[Source records]
********************
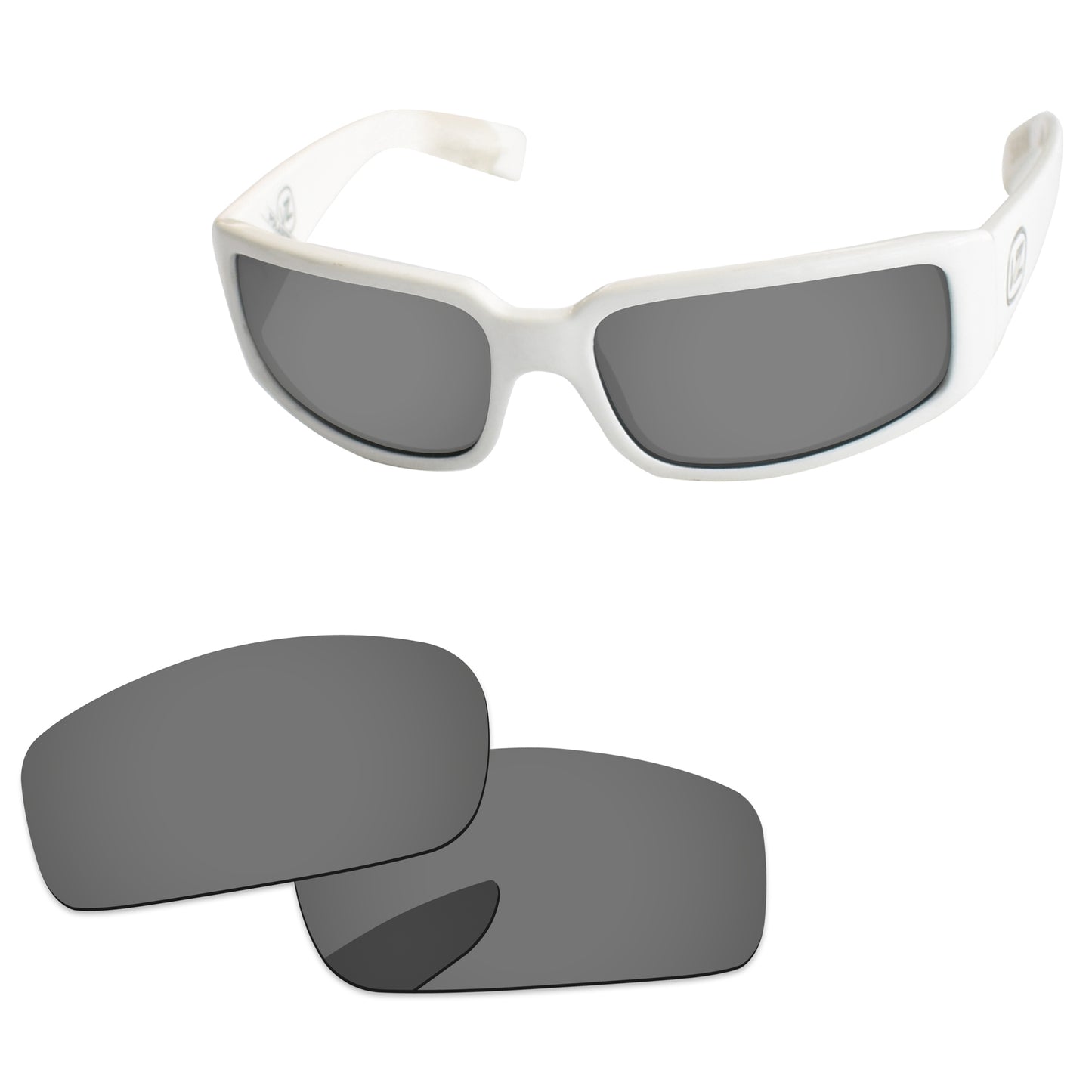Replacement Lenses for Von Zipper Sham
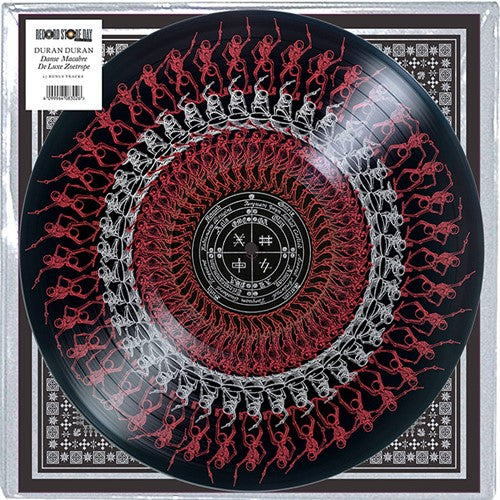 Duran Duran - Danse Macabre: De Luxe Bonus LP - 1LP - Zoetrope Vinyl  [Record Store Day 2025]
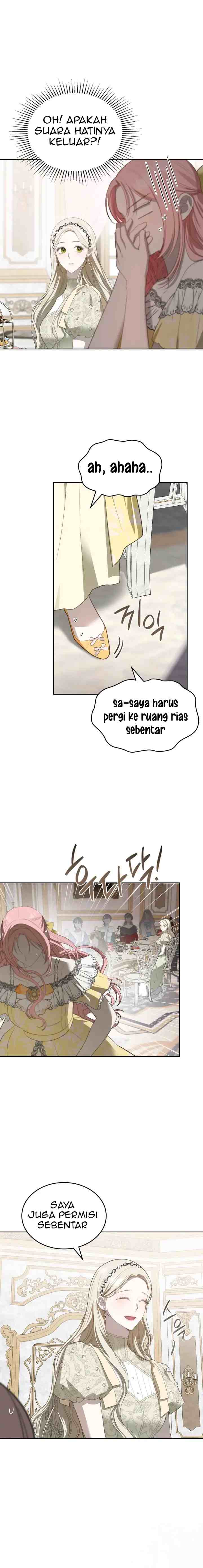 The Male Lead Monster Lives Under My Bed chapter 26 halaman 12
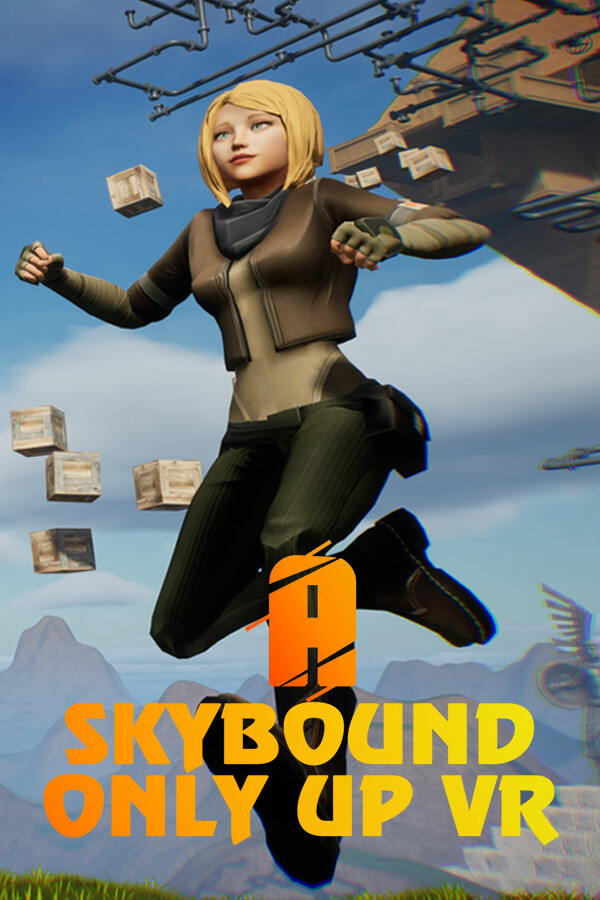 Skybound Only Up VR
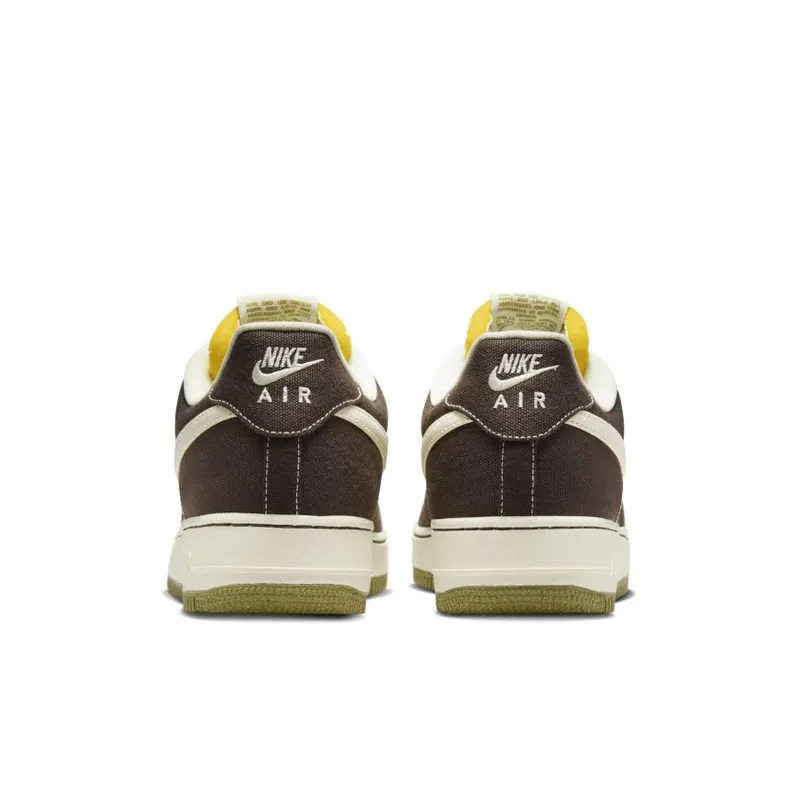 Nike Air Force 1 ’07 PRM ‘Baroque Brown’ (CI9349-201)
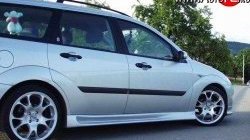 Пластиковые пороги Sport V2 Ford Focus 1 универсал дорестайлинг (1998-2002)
********************
Copy exactly the lines that run from the line containing "Nike Air Force" to the end of the data above, keeping both end lines and leaving out all pictures.

 Nike Air Force 1 ’07 PRM ‘Baroque Brown’ (CI9349-201)
 Пластиковые пороги Sport V2 Ford Focus 1 универсал дорестайлинг (1998-2002)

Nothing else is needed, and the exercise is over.